_Directions for this task_:
In the listing that follows, the range to quote begins at the line that has "志愿者团队在捐赠中心分享和包装食物、衣服和水，用盒子装好送给有需要的人图片素材" and ends after the line that has "Debra applying makeup to a bride in her veil"; quote it verbatim and add nothing.

Source material Block Start

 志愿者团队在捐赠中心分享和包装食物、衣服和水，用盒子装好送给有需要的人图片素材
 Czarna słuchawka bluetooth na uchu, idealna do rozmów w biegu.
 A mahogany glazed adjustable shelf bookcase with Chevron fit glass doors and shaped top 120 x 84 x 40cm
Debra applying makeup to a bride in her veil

Source material Block End
Source material Block Start

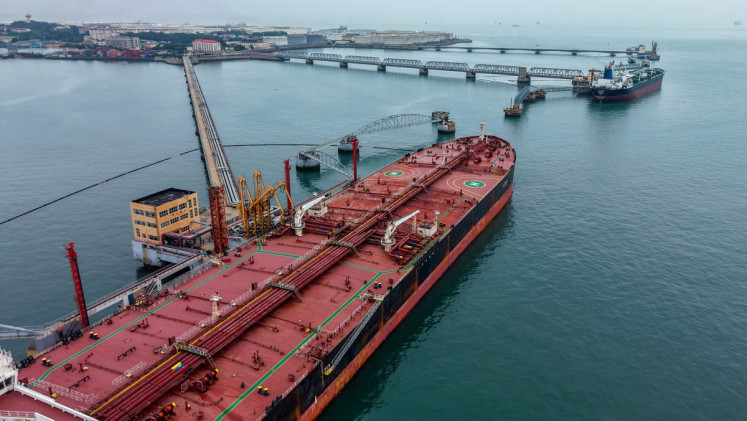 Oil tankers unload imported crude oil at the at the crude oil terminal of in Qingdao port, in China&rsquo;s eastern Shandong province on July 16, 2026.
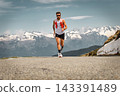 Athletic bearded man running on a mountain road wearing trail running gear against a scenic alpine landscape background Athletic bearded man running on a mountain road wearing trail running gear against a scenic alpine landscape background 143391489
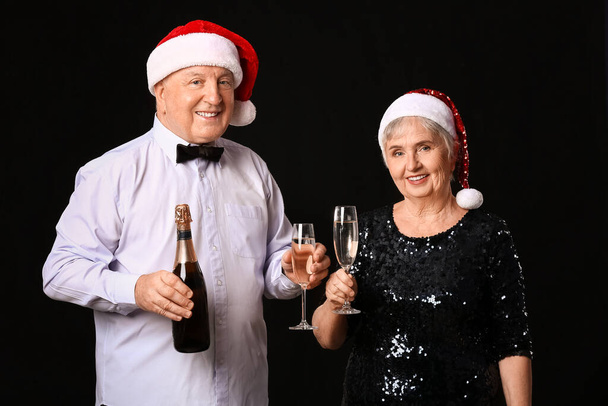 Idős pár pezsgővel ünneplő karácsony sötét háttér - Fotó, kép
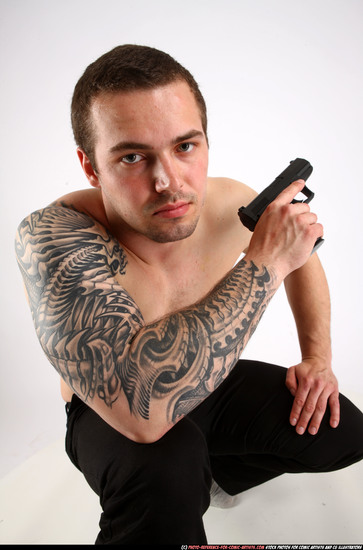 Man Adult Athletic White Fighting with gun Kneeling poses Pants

Source material Block End
Source material Block Start

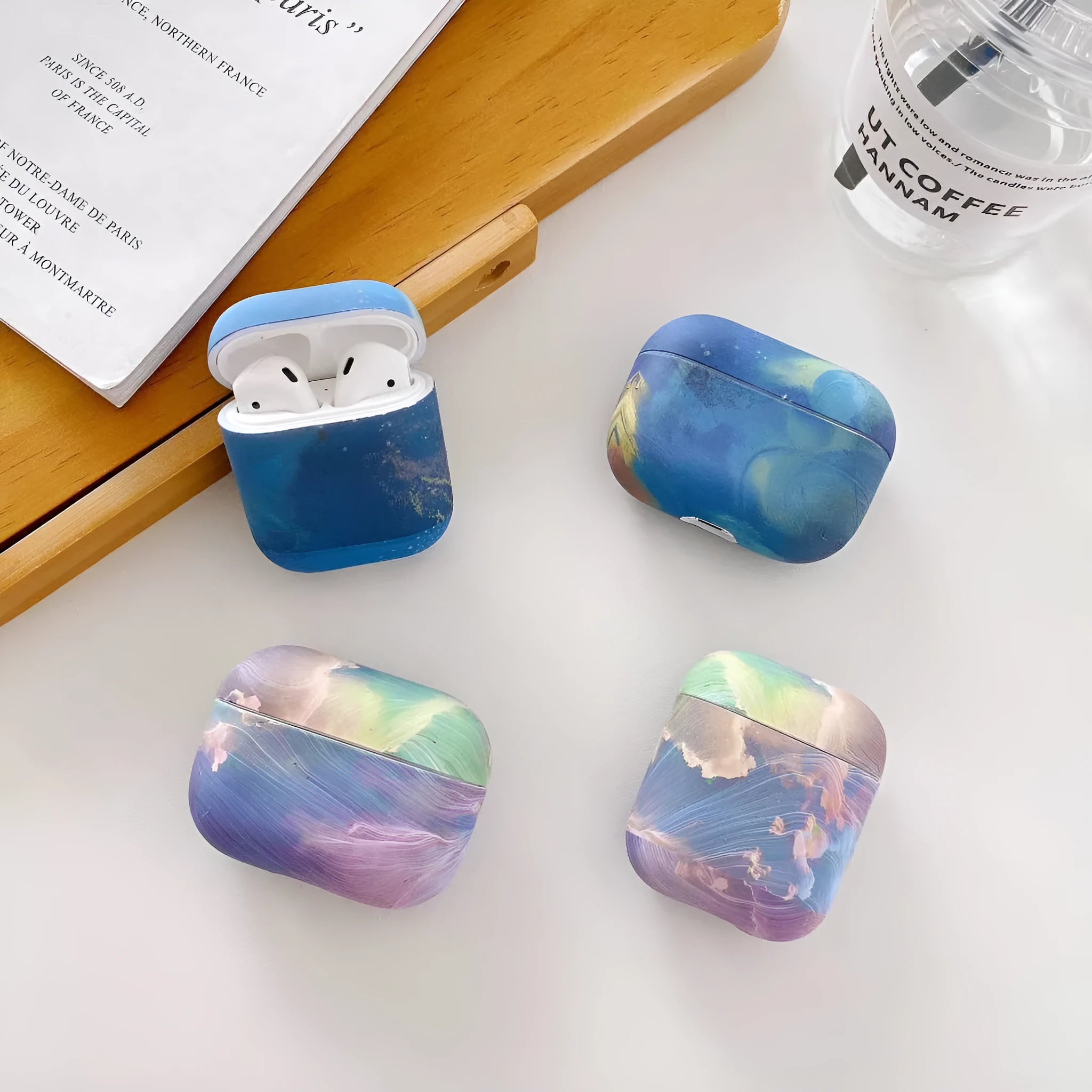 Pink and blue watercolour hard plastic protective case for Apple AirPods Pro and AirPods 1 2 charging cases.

Source material Block End

_Finished task_:
 志愿者团队在捐赠中心分享和包装食物、衣服和水，用盒子装好送给有需要的人图片素材
 Czarna słuchawka bluetooth na uchu, idealna do rozmów w biegu.
 A mahogany glazed adjustable shelf bookcase with Chevron fit glass doors and shaped top 120 x 84 x 40cm
Debra applying makeup to a bride in her veil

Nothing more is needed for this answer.